Set primarily in Berlin, Perfection follows two expats, Anna and Tom, who work as “digital creatives” on freelancing schedules that enable them to explore Europe, engage in local arts, and choose which personal politics to enact. From the outset, there’s a sense of unease that surrounds this easily romanticized life, as the novel’s frank portrayal and Hughes’ precise delivery of Anna and Tom’s inner and outer worlds stimulate Perfection’s core questions: Are the aesthetics that surround us products of us, or are we products of it? 

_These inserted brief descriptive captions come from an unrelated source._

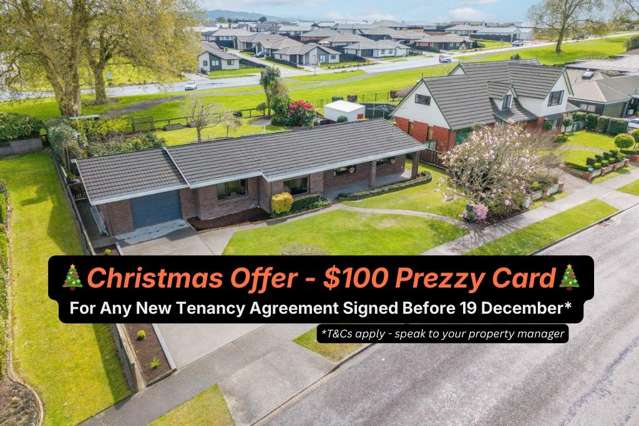 Quiet Morrinsville Retreat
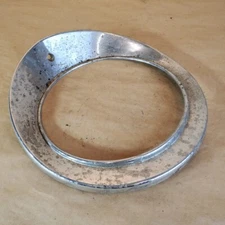 OEM 1972-1979 Jaguar XJ6 Inner Headlight Rim Chrome Trim Bezel Lucas 54521145 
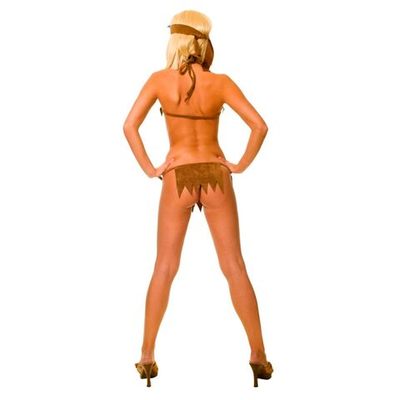 Женский костюм «Индианка» (Размер: S-M) (Цвет: коричневый)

At a dinner party in Iowa City this winter, my friend Tabatha nodded feverishly as I mentioned Perfection’s mesmerizing thrust, the propulsion of which comes not from its scenes or specific tensions, but from its mode of delivery: “It’s told completely in habitual tense,” Tabatha said. 

“There’s no dialogue,” I added.

Instead, swirls of moments are grounded by Hughes’ and Latronico’s meticulous curation of words. As Anna and Tom cycle through attempts to find meaning in life, at one point they stumble upon cooking: 

“They favored simple ingredients whose flavors they could elevate with the right preparation, just as the white enamel plates could bring out the gold-studded purple of a carmelized beetroot. Their interest hadn’t been planted by sly marketers, but appeared as if by osmosis, as they observed the little differences all around them. It was part of their quest for freedom and pleasure—the pleasure of eating, chiefly, but also the tactile pleasure of cooking slowly, and the visual pleasure afforded by the perfect plating.”

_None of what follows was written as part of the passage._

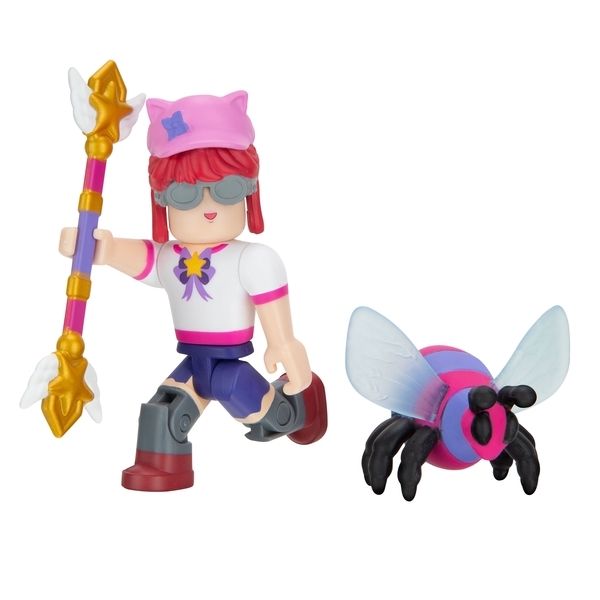 Ігрова колекційна фігурка Jazwares Roblox Core Figures Star Sorority Bee Wrangler W8 (ROB0333) - Pampik - 2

Here, Hughes takes Latronico’s keen eye for detail and delivers three well-paced sentences that exemplify the translation’s movement through grammars of tense and time. Using alliteration, parallelism, repetition, and precise punctuation, Hughes guides readers between specifics (“simple ingredients,” “gold-studded purple,” “carmelized beetroot”) and universals (“all around them,” “quest for freedom and pleasure”) and back to specifics (“tactile pleasure,” “visual pleasure,” “the perfect plating”), creating the timelessness Latronico can more readily access with Italian’s use of the present simple tense for both current and habitual actions; English, by contrast, separates them, as in “I eat” and “I am eating.” Through Hughes’ literary delivery, momentum is maintained while clarity is provided.

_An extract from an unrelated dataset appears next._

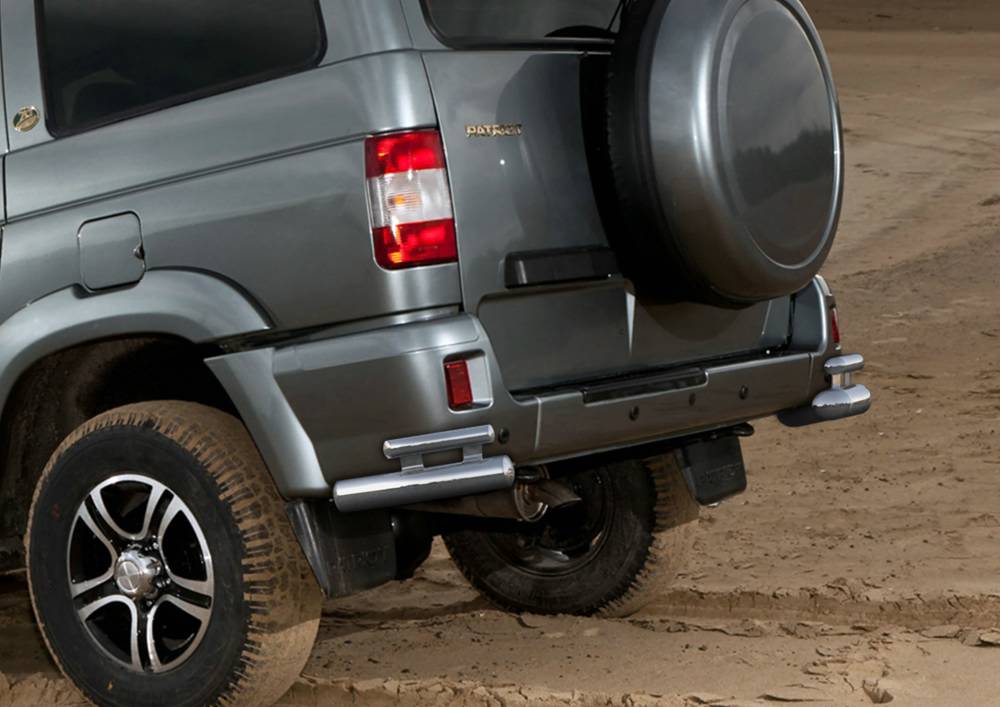 

Защита заднего бампера Rival для Uaz Patriot 2005-2014г.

Perfection, short-listed for the 2025 International Booker Prize, is Latronico’s first novel to be translated into English as well as Hughes’ first translation from Italian. “Something about the precision of Perfection’s descriptions and the level of detail meant there was a lot of time-consuming rationalising happening all the way through,” Hughes said in an interview with The Booker Prize Foundation. “It helped a lot that, despite not having met Vincenzo in person, I got to work closely with him.”

Both author and translator share a love for small details, knowing that over an entire novel, the “seemingly inconsequential changes” can hold the most importance when reconstructing style in another language. As Hughes told Words Without Borders: “This translation was born lucky—with an author who supports a notion of translation as interpretation, it had every chance of flourishing.” And flourish, it has, as the count of readers continues to rise in the list I like to keep of friends who borrow my copies of books. As one scribbled on the last page: “You never lose sight of what’s above or below the surface in this book. You’re everywhere and nowhere. I loved it.”